[[ SOURCE DATA, beginning ]]

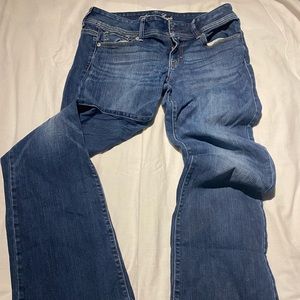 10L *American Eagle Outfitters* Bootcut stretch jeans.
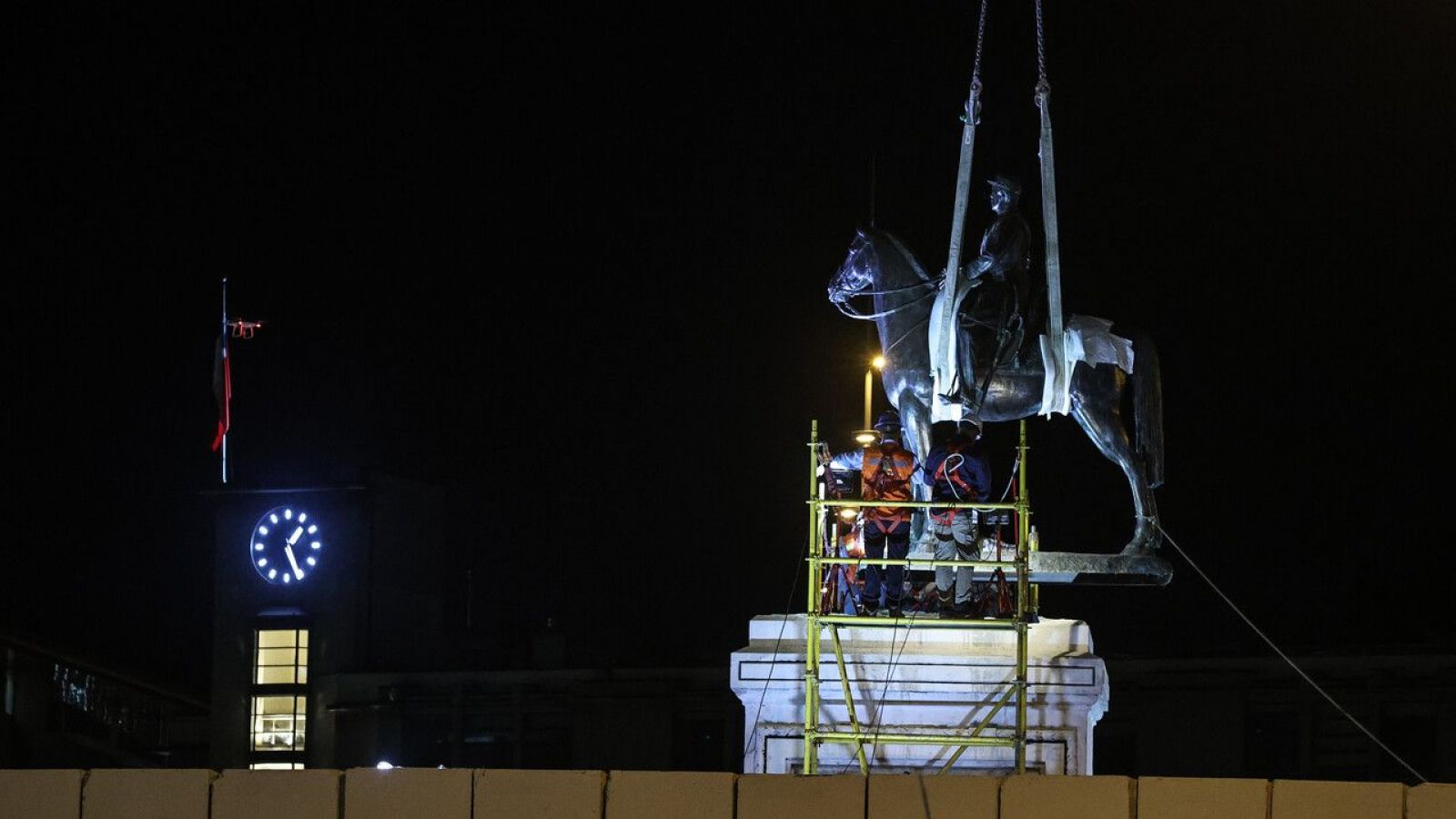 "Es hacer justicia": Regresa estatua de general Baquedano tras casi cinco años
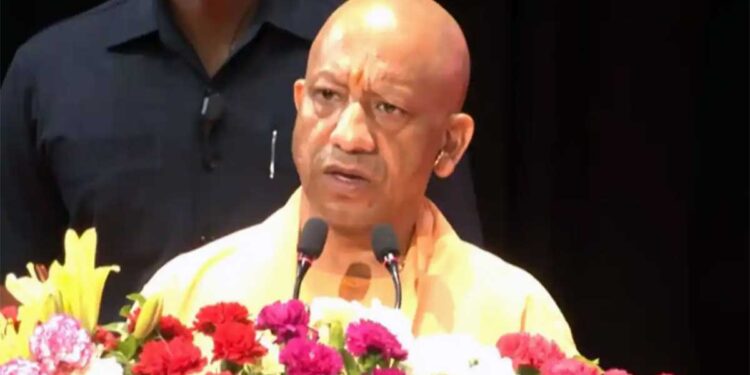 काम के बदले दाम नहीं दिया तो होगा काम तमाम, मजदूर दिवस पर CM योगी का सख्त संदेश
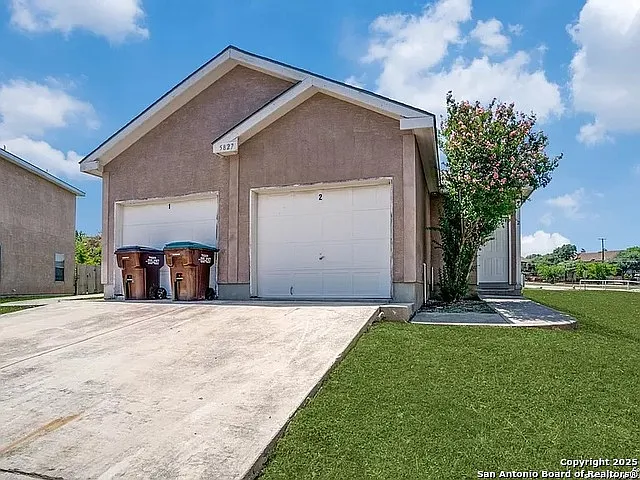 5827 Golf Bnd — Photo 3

[[ SOURCE DATA, end ]]

_TASK TO CARRY OUT_
Once the pictures are set aside, please output all the data word for word.

_RESPONSE BOX_
 10L *American Eagle Outfitters* Bootcut stretch jeans.
 "Es hacer justicia": Regresa estatua de general Baquedano tras casi cinco años
 काम के बदले दाम नहीं दिया तो होगा काम तमाम, मजदूर दिवस पर CM योगी का सख्त संदेश
 5827 Golf Bnd — Photo 3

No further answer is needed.